═════ DATA ═════

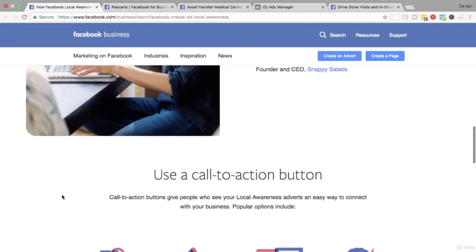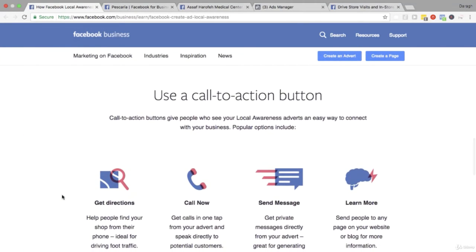Now let's look at the call to action buttons you can use in these local awareness ads. There are some cool options you can include, like giving people directions to help them find your shop from their phone - great for driving foot traffic. You can include your phone number so they can call you in one tap and speak to you directly. You can include a call to action for them to send you a message, which is a great way to generate leads from people nearby. You can also get them to learn more and click through to your website for more information.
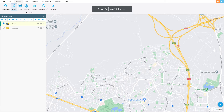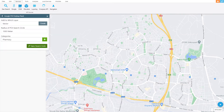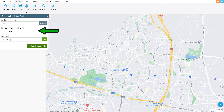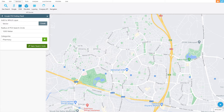When we click on the Google option in the Services menu, the layer to be added is selected in the panel that appears. After selecting the radius of the POI search circle and the categories, click the open search circle button. You can now start collecting POI points.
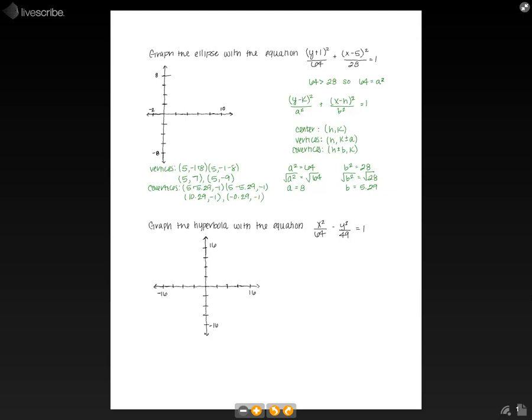The last thing we need is the center, which is the easiest part. The center is just h comma k. Going back to our original equation, we can see that h is 5 and k is negative 1, so our center is 5 comma negative 1. Now we're ready to graph.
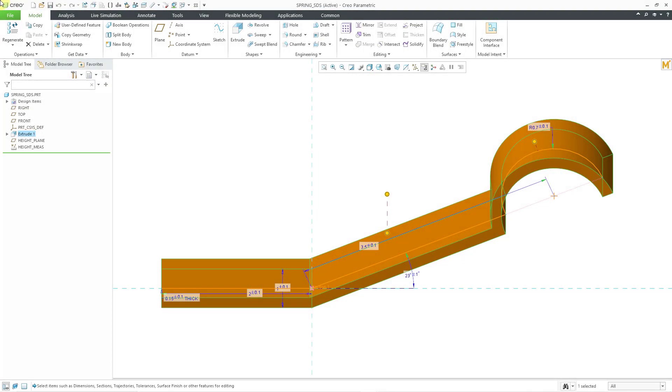In Creo Parametric, you can use the Behavioral Modeling Extension, or BMX, in order to perform a statistical design study to predict the yield of a component based on its tolerances. This is Part 3.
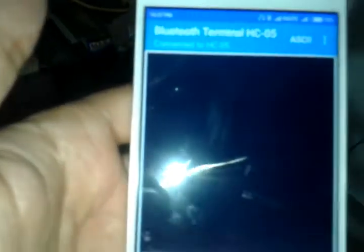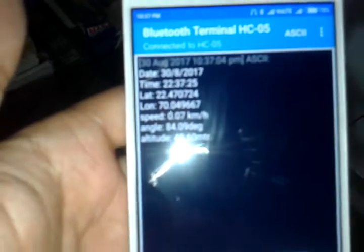All the data are received on mobile screen. Like this: date, time, latitude, longitude, speed, angle and height. That is altitude.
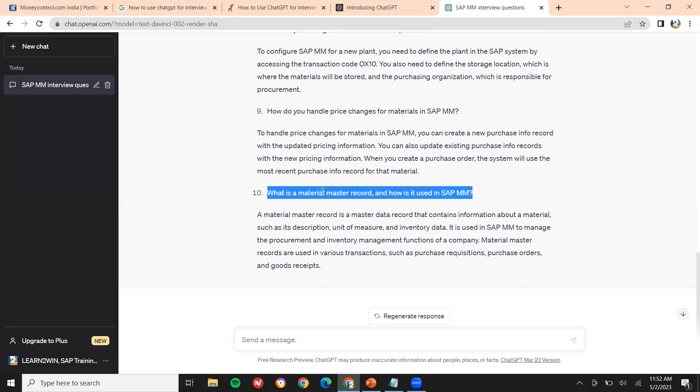This is how we use ChatGPT for clearing the interview. Thank you.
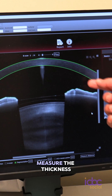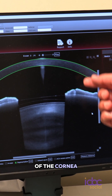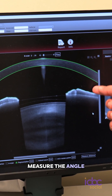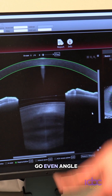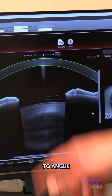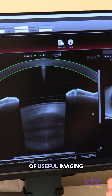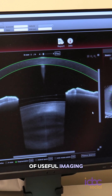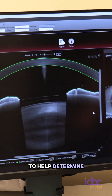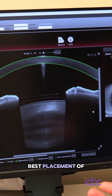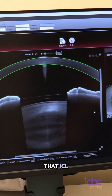You can also measure the thickness of the cornea, measure the angle here, and go angle to angle — along with other useful imaging modalities — to help determine the best placement of that ICL.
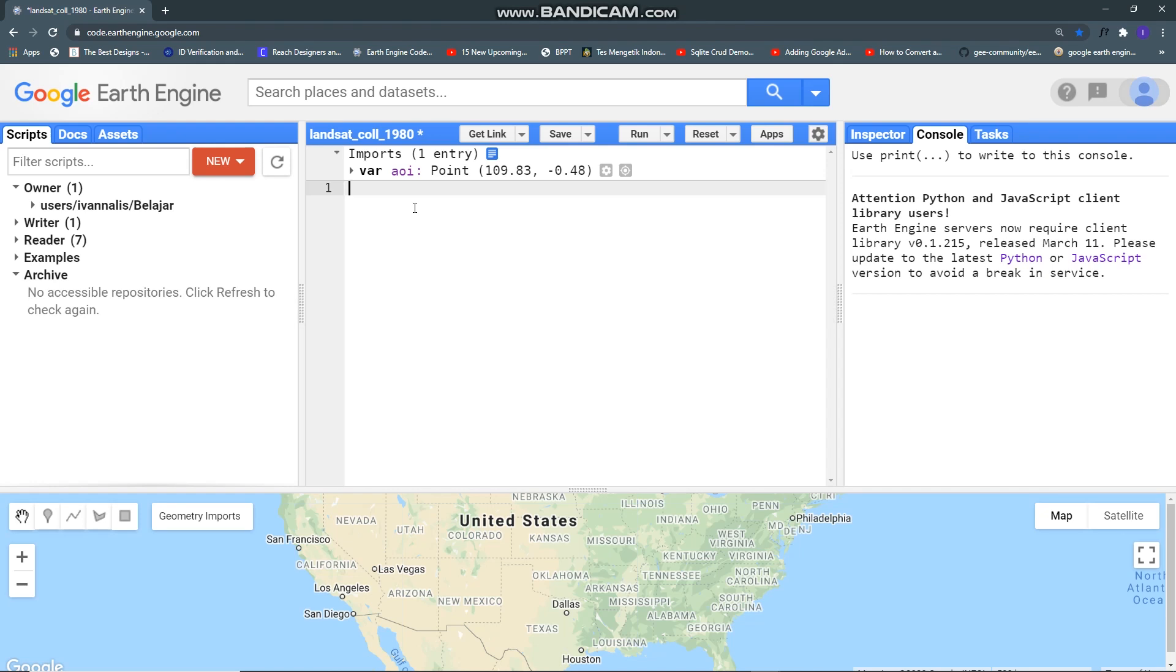Hi guys and I'm back and for today I want to show you how we can obtain a Landsat 8 collection from 1980 to 2013, and in this case I will use Landsat 5 and Landsat 7.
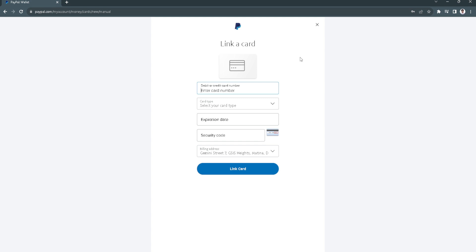But take note, you will not want anyone to see this information, so make sure that no one is present when you fill in this information. So after you fill in your information you just want to click on link card.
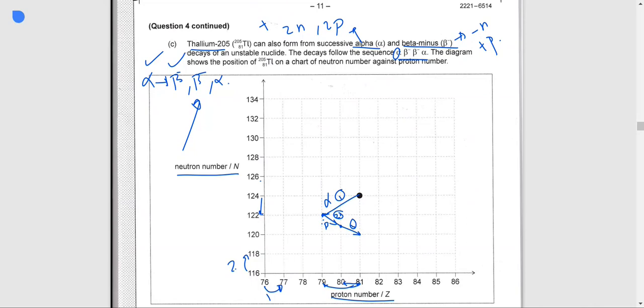And the last decay is alpha: we lose two neutrons and two protons, moving down two on both axes. We plot point 4 here, which should be the final nuclide.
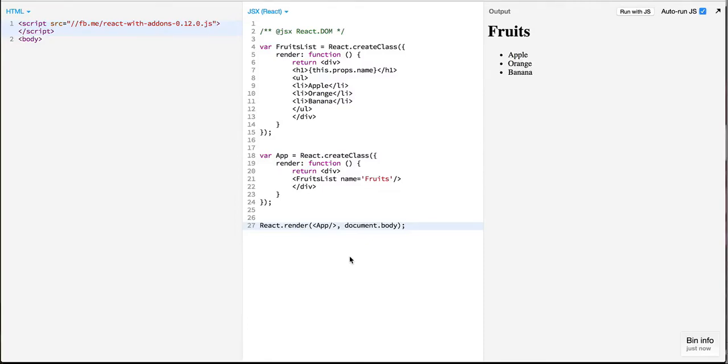Hello everyone and welcome to a new episode on Learn React. In this episode we'll take a look at dynamically creating React components.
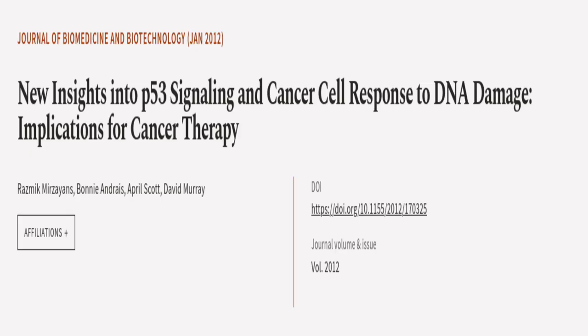This article was authored by Rasmik Mozayans, Bonnie and Ray, April Scott, and others.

═════

[WHAT IS BEING ASKED]: Give back exactly, and solely, the section of the data above bounded by the line containing "The last thing" and the line containing "But take note, you", both bounding lines included and pictures omitted.

[TASK ANSWER]:
The last thing we need is the center, which is the easiest part. The center is just h comma k. Going back to our original equation, we can see that h is 5 and k is negative 1, so our center is 5 comma negative 1. Now we're ready to graph.
In Creo Parametric, you can use the Behavioral Modeling Extension, or BMX, in order to perform a statistical design study to predict the yield of a component based on its tolerances. This is Part 3.
All the data are received on mobile screen. Like this: date, time, latitude, longitude, speed, angle and height. That is altitude.
This is how we use ChatGPT for clearing the interview. Thank you.
You can also measure the thickness of the cornea, measure the angle here, and go angle to angle — along with other useful imaging modalities — to help determine the best placement of that ICL.
Hi guys and I'm back and for today I want to show you how we can obtain a Landsat 8 collection from 1980 to 2013, and in this case I will use Landsat 5 and Landsat 7.
But take note, you will not want anyone to see this information, so make sure that no one is present when you fill in this information. So after you fill in your information you just want to click on link card.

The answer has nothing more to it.